Université catholique de Louvain

Post-doc position : computer science and digital humanities for archive digital valorization

Opslaan als favoriet

Over de werkgever

The Université catholique de Louvain (UCLouvain) is internationally recognized for research and teaching quality in many different fields of expert...

De pagina van de werkgever bekijken





A specialist in computer science or digital humanities m/f/x

1 open-ended FTE: 50% PostDoc (UCLouvain) and 50% project manager (AGR)

with a particular interest in the automatic processing of 
digital documents involving both text and images

for the FED-tWIN programme - Prf-2022-025 - ARKEY

#NLP #ComputerVision #HTR #MetadataExtraction #UX #InfoVis


FED-tWIN is a research program of the Belgian Federal Science Policy Office (BELSPO) aimed at promoting sustainable cooperation between federal scientific establishments and Belgian universities, by funding common research profiles.

Today, the FED-tWIN program makes it possible to open a function for the ARKEY project (“A content-enriched user-oriented access key to digital archives”). It involves on the one hand the National Archives and State Archives in the Provinces (in short the State Archives, or AGR), a federal scientific institution, and on the other hand  the Université catholique de Louvain (UCLouvain).


The main objective of the ARKEY research profile is to improve the digital valorisation of archive collections through long-term tools. It involves (1) the research and development of an enhanced access key to digitized content, and (2) the improvement of the navigation experience within archive collections. It builds on the expertise of a multidisciplinary team from AGR and from several research groups within UCLouvain (see “Partners” section below). ARKEY aims to bring added value for society and public service, by improving the accessibility and intelligibility of archives: a priority for many researchers and a foundation of democratic states. 

Currently, AGR and UCLouvain own a large number of digitized documents from a wide variety of sources from different periods. This diversity offers a challenge to automated content analysis, particularly to optical character recognition (OCR) tools, which are not trained to such variation. Archives are also challenged by storage, format, metadata, and navigation of digitized documents: most of these documents are not sufficiently spotlighted.
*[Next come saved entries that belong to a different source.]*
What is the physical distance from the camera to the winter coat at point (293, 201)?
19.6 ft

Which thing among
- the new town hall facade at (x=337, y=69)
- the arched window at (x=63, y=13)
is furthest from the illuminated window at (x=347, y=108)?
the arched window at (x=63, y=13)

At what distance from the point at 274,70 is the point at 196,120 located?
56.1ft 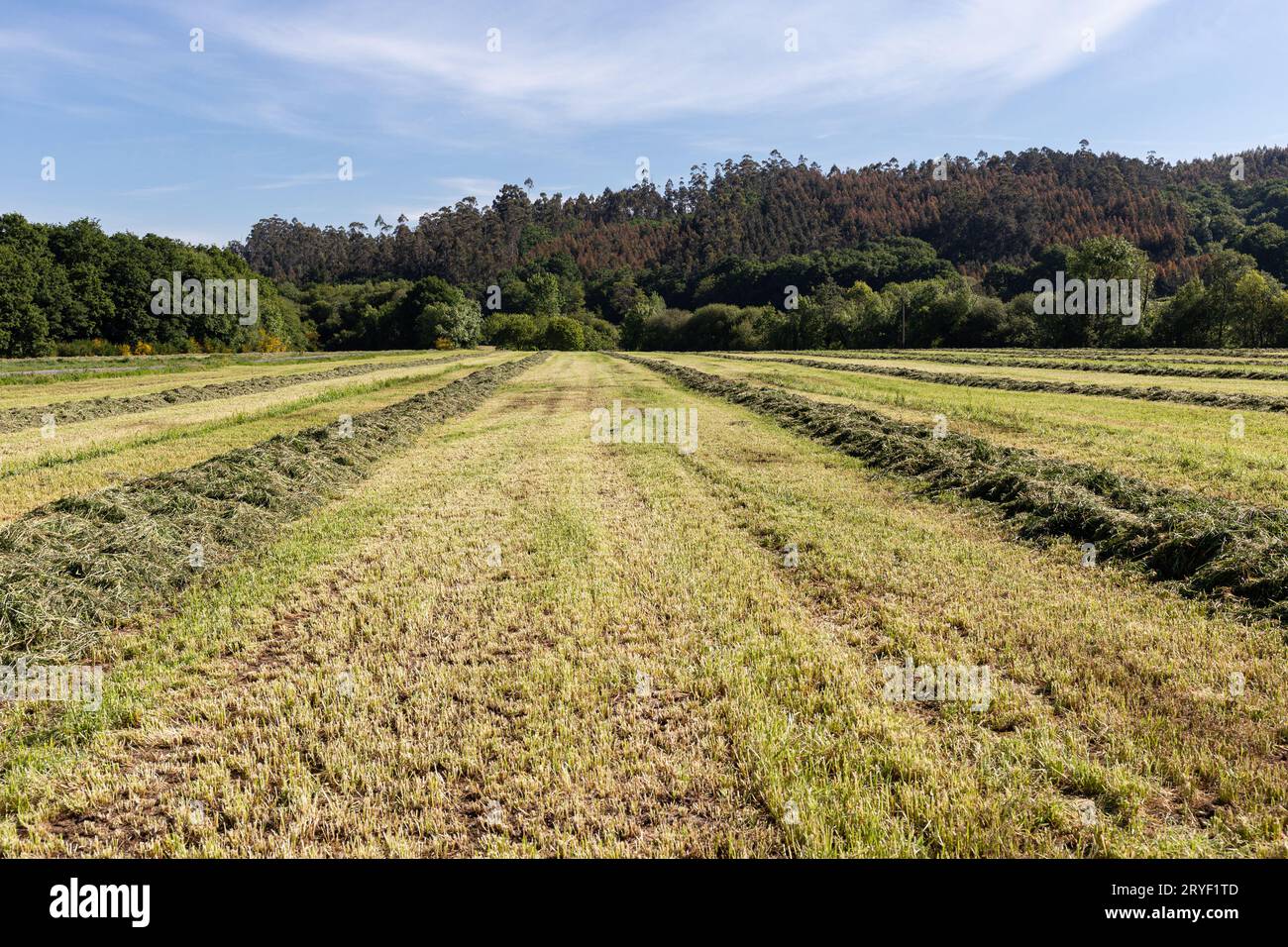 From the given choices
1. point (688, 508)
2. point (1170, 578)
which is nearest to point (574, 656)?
point (688, 508)

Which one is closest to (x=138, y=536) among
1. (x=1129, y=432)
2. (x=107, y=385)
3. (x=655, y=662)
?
(x=655, y=662)

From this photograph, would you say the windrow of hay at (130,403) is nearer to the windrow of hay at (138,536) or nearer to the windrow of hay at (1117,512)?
the windrow of hay at (138,536)

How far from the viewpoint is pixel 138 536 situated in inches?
319

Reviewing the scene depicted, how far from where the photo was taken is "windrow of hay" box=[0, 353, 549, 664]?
20.3ft

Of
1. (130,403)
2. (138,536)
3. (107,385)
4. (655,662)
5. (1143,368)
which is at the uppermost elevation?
(1143,368)

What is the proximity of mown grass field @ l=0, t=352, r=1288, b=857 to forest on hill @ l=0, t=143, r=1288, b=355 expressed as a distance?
76.8 meters

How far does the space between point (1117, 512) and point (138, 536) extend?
12057 mm

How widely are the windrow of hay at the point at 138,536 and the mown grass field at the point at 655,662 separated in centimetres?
5

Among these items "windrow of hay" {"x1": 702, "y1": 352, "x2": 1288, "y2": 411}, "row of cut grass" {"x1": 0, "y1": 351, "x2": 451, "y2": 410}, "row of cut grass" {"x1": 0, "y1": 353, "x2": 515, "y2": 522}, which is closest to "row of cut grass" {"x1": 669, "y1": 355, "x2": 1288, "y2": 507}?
"windrow of hay" {"x1": 702, "y1": 352, "x2": 1288, "y2": 411}

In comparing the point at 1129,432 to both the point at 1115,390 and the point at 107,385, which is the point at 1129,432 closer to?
the point at 1115,390

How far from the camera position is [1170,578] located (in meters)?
7.27

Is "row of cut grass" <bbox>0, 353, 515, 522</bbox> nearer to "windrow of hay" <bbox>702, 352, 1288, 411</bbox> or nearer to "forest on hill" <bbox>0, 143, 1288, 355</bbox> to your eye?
"windrow of hay" <bbox>702, 352, 1288, 411</bbox>

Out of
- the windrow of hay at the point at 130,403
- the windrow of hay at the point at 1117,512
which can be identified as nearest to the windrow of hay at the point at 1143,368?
the windrow of hay at the point at 1117,512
To respond to these challenges, ARKEY proposes a 3-step plan:

1. AI-aided text and layout recognition. ARKEY will develop and evaluate semi-automated content-analysis machine-learning techniques, specifically designed for handwritten documents and early printed books. They will rely on state-of-the-art OCR and Handwritten Text Recognition (HTR) methods, and focus on information extraction based on robust layout analysis.

2. Content-enriched digital archival representation. The data extracted from the content analysis will be used to enrich the representation of archive documents. This second challenge therefore aims to investigate and improve state-of-the-art Natural Language Processing methods to enrich Encoded Archival Description (EAD) files with automatically generated metadata based on semantic modeling, named entity recognition, and query expansion.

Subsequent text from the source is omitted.